Among those airfields, Farnborough is an obvious candidate and Geere says: “Electrification technology and its application to air travel is clearly something that will develop, and I am sure will be part of the package of solutions to address the industry’s response to climate change over time.” Time is the critical factor and he is realistic over the prospect of Farnborough hosting eVTOL craft in the near term: “I think there is a role for Farnborough Airport, however it is difficult to see a paradigm shift in the demand for helicopters simply because they are electrified.”
Scheduled for 18 to 22 July 2022, the next Farnborough International Airshow will no doubt provide a showcase for eVTOL developers and other practitioners in hybrid, electric and hydrogen power. But what does the show mean to the Farnborough Airport team? Does it create a hectic week or two that distract from the day-to-day work of running a business aviation hub, or is it a much bigger deal?
“It’s a much bigger deal,” Geere confirms. “Every two years the show is an incredible opportunity to showcase Farnborough Airport to the rest of the world. Farnborough Airport is synonymous with the airshow and we are proud to work with the organiser, Farnborough International, to ensure its success.”
The Farnborough International Airshow – or just ‘Farnborough’ to those of us for whom it’s a biennial pilgrimage – remains as a living reminder of the airfield’s place in Britain’s aviation heritage. Yet the airport always feels special. Visiting on a fine June morning to research the PC-24 article appearing elsewhere in this edition, I was forcibly reminded of Farnborough’s past by its present.

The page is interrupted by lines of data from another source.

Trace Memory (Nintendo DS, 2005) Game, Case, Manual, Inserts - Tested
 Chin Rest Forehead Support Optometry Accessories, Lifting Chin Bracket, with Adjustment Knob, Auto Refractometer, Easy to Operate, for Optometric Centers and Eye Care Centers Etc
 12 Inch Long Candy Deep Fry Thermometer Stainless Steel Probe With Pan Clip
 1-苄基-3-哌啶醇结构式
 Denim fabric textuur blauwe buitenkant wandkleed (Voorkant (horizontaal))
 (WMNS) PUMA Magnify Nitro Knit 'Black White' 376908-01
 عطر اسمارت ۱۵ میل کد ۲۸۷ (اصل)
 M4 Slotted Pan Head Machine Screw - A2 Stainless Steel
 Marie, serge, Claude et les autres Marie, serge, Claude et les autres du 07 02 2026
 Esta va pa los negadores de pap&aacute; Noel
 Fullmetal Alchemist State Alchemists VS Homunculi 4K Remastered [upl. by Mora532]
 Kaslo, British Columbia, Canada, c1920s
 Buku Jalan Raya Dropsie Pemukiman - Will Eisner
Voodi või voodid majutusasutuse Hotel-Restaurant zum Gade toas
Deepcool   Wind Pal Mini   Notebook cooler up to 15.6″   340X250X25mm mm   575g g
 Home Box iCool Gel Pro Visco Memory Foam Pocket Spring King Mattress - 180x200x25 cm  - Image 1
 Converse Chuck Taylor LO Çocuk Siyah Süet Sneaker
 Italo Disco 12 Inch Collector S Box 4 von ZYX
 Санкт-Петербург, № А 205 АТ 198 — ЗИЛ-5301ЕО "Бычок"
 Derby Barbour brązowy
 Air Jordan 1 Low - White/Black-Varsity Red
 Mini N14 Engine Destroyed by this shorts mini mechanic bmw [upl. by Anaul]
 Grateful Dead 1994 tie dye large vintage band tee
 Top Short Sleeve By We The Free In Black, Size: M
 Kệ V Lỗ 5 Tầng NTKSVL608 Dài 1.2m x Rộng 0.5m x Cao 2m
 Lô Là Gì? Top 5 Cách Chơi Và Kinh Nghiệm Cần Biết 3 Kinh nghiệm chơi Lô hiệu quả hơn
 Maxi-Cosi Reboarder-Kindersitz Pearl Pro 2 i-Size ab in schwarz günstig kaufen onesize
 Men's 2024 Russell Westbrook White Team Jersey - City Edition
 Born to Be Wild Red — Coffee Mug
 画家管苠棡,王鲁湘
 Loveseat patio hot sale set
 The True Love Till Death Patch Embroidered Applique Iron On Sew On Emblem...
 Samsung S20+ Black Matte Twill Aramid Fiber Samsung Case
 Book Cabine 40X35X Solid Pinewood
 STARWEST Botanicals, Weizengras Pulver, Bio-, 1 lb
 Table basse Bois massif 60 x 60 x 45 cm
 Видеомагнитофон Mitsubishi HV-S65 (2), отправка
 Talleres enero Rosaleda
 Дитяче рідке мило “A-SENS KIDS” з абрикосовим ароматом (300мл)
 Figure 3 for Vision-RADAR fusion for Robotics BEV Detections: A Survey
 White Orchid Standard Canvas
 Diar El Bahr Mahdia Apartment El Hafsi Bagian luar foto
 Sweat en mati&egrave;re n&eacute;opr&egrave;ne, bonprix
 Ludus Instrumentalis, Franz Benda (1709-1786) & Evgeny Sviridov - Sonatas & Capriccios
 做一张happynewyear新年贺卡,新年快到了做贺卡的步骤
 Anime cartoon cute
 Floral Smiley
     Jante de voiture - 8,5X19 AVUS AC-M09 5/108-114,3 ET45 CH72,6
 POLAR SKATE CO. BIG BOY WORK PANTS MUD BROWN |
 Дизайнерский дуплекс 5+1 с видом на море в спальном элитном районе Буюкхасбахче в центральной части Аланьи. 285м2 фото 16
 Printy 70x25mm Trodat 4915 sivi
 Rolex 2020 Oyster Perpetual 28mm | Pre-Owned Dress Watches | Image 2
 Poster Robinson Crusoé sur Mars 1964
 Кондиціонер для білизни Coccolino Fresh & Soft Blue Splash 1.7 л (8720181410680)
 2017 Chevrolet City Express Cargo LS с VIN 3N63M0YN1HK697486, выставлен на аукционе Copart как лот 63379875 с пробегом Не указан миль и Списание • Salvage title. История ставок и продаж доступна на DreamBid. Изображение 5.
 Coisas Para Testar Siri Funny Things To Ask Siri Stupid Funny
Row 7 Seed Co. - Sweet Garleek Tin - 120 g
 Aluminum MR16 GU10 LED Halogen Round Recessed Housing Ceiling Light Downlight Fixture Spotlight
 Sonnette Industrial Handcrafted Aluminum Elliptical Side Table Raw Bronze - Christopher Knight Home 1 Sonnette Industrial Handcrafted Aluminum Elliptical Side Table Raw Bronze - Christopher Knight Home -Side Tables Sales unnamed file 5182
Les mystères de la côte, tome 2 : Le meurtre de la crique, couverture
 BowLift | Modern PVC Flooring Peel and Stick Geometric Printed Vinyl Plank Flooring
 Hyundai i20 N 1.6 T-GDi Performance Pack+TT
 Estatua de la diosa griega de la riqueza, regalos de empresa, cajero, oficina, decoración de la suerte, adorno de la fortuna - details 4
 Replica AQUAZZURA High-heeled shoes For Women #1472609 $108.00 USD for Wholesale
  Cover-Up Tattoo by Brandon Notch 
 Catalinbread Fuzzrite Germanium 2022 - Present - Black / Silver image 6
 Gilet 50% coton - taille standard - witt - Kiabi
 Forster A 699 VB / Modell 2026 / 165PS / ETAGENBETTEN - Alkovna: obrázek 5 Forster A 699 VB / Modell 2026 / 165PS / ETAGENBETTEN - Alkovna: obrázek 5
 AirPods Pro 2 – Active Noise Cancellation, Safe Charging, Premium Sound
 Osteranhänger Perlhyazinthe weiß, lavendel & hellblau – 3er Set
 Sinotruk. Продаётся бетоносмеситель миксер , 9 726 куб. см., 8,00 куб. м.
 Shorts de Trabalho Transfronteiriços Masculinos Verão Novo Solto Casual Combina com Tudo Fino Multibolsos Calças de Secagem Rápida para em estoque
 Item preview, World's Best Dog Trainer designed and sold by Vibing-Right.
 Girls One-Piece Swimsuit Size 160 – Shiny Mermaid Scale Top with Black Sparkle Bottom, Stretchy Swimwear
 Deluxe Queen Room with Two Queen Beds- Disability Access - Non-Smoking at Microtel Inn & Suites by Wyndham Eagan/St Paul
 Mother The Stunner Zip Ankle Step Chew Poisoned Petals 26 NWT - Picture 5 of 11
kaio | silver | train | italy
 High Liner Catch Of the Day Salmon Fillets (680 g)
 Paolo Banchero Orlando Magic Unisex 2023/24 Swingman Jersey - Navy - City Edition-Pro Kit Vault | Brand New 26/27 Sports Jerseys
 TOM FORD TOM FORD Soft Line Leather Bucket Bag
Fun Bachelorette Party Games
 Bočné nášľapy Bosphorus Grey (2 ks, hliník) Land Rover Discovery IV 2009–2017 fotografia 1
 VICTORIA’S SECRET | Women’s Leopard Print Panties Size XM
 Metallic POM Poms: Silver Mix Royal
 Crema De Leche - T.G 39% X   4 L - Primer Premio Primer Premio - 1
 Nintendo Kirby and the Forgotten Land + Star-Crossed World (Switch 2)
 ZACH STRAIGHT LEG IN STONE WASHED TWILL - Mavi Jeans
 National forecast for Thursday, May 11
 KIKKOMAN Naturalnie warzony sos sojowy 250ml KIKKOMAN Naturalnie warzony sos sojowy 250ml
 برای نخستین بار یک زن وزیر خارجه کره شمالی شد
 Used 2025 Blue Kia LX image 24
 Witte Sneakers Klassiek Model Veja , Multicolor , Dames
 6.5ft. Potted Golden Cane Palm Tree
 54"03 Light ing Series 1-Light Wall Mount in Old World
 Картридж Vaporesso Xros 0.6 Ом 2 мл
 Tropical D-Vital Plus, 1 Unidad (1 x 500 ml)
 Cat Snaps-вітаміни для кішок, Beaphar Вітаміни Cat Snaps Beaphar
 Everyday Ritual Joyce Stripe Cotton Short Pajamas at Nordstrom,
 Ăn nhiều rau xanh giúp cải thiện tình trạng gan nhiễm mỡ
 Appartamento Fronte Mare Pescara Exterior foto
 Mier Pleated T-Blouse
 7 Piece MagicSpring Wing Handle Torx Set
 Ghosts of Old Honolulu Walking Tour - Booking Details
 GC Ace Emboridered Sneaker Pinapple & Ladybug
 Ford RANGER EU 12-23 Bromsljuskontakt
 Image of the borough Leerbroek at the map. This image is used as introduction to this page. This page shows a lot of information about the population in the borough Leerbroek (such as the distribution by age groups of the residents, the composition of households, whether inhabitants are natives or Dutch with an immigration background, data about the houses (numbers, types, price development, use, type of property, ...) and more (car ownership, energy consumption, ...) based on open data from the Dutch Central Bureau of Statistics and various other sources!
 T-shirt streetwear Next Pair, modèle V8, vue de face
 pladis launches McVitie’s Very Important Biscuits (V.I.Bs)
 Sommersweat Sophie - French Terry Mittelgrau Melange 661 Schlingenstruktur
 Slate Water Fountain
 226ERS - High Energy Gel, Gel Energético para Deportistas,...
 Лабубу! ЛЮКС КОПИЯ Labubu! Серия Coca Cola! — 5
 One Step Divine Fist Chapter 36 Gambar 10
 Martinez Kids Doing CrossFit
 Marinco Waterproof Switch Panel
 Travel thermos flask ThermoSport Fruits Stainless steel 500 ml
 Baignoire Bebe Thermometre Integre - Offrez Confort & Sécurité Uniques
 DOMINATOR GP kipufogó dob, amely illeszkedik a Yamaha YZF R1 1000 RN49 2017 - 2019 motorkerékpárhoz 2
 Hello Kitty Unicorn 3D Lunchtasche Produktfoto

Walking out to the Pilatus, I spotted a Hawker 800. The US-built jet’s ancestry is through the British Aerospace 125-800 and Hawker Siddeley HS.125, all the way back to the de Havilland DH.125 Dragon Jet, first flown in 1962. In April 1911, Farnborough had become the Royal Aircraft Factory, employing Geoffrey de Havilland as a pilot/designer. De Havilland flew his first ‘Farnborough’ design at the airfield in June 1911; the company that ultimately bore his name went on to build many successful aircraft, of which the DH.125 was the last.
Neither the airshow nor Geoffrey de Havilland have any real significance to passengers passing through Farnborough’s impressive terminal. And yet, Geere maintains, “This is the legacy that truly reflects the spirit of Farnborough Airport. Over the decades we have demonstrated our pioneering ethos. From the first UK powered flight in 1908 to being the world’s first business aviation airport to achieve carbon neutral accreditation, we want to be leaders in the field.
“We talk about being ‘Ahead of the Curve’, which is a reference to the shape of our iconic hangars, but actually it is a statement of intent. In everything we do, we want to excel. The only thing that will stop us is the limit of our own ambition. And just so you know, we’re feeling pretty ambitious.”